On June 13, 2014, a federal district court interpreting the Surface Mining Control and Reclamation Act (SMCRA) ruled that surface coal mining operations require the consent of all surface owners when ownership of the coal estate has been severed from the surface estate. Many view this decision as a direct contradiction to Kentucky’s well-established co-tenancy precedent.
SMCRA was enacted by Congress to limit the environmental effects of surface coal mining operations. “Surface coal mining operations” include activities performed in connection with surface coal mining and surface impacts incident to underground coal mining. Under SMCRA, no person may engage in “surface coal mining operations” without first obtaining a mining permit. To obtain a mining permit, a permit application must be submitted to the applicable regulatory authority. The Kentucky Department of Natural Resources (KDNR) was approved to administer SMCRA in Kentucky in 1982. When applying for a mining permit and the mineral estate has been severed from the surface estate, the permit applicant must demonstrate some authority for disturbing the surface estate. One such basis is for the mining company to provide “written consent of the surface owner” to demonstrate the surface owner’s willingness to allow surface coal mining operations. Under Kentucky common law, one cotenant may authorize the development, or mining, of commonly owned property without obtaining the consent of other cotenants. In reliance on this precedent, KDNR consistently issued mining permits on a showing that at least one surface owner consented to surface mining operations.
The plaintiff, M.L. Johnson Family Properties, LLC, owns an undivided 62.5 percent interest in a 450 acre tract of real property in Pike County, Kentucky. Pike-Letcher Land Company (Pike-Letcher) owns an undivided 25 percent interest in the same real property. The mineral estate was severed from the surface estate in the early 1900s. In April 2013, Pike-Letcher granted Premier Elkhorn the right to conduct surface coal mining operations on the property under a certain right-of-entry agreement. Premier Elkhorn disclosed this agreement to KDNR when applying for a mining permit and listed the surface owners on the permit application as “Pike-Letcher Land Company, et al.” In October 2013, after providing public notice of the permit application, KDNR issued a mining permit to Premier Elkhorn. The plaintiff first mounted an unsuccessful administrative challenge to the permit before filing a lawsuit on May 14, 2014, against Sally Jewell, Secretary of the Interior, in her capacity as the lead administrator of the SMCRA in U.S. District Court for the Eastern District of Kentucky.

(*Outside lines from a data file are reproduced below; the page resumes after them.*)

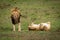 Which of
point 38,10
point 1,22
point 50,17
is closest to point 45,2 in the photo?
point 38,10

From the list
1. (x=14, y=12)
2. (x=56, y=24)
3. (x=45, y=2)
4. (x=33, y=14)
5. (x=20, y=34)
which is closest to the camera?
(x=20, y=34)

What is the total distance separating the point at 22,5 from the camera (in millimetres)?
20859

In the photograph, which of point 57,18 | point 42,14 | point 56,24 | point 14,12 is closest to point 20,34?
point 14,12

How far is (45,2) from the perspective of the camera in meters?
22.6

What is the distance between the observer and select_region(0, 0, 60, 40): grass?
11.6 m

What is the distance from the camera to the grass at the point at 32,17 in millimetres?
11609

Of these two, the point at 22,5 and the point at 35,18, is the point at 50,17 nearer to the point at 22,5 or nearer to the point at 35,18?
the point at 35,18

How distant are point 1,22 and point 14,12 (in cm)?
228

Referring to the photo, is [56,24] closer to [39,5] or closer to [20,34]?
[20,34]

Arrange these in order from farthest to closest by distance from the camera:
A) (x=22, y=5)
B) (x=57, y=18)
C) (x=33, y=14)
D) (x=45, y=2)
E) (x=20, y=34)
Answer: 1. (x=45, y=2)
2. (x=22, y=5)
3. (x=33, y=14)
4. (x=57, y=18)
5. (x=20, y=34)

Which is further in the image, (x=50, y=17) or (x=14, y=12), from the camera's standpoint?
(x=50, y=17)

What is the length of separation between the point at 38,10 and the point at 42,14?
3.53ft

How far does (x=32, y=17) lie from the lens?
699 inches

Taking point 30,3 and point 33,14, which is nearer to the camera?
point 33,14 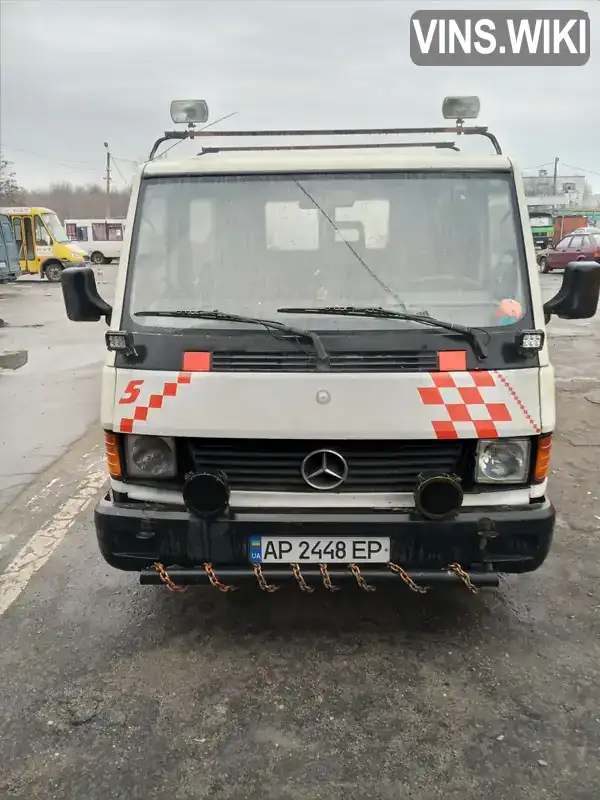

The plaintiff argued that the issuance of the mining permit to Premier Elkhorn was in violation of SMCRA and applicable Kentucky regulations for multiple reasons. First, the plaintiff alleged that it received inadequate notice of the permit application, because it was not listed in the permit application and public notice of the mining permit. Specifically, the plaintiff argued that a complete SMCRA permit application and adequate public notice require a listing of all owners of record of the property to be mined. Second, plaintiff alleged that SMCRA requires the written consent of all surface owners, not just a limited number of cotenants, before a mining permit can be issued.
The district court granted the plaintiff’s motion for a temporary injunction in its June 13 ruling. The court held that SMCRA requires the consent of all surface owners before the issuance of a permit. The court rejected the defendants’ common law justification of the permit’s issuance as irrelevant to the interpretation of SMCRA. “When Congress meant to punt to State law, it did so expressly.” Further, the court ordered the Secretary to inspect Premier Elkhorn’s permit and mining operation and decide whether to order cessation of mining operations. During the pendency of the Secretary’s inspection, Premier Elkhorn is enjoined from mining on the plaintiff’s property.
The court’s decision and interpretation of SMCRA could have significant consequences across Kentucky’s extractive industries in addition to threatening the validity of existing permits. KDNR quickly responded to the court’s decision by issuing an internal policy memorandum to permit review staff addressing surface owner consent in several estate situations. Going forward, KDNR will require that the full names of all record surface owners be listed in the public notice of a permit application; designations such as “et al.” will not be accepted. KDNR has also indicated it will finalize its policy on this issue in the form of a Reclamation Advisory Memorandum to the coal industry.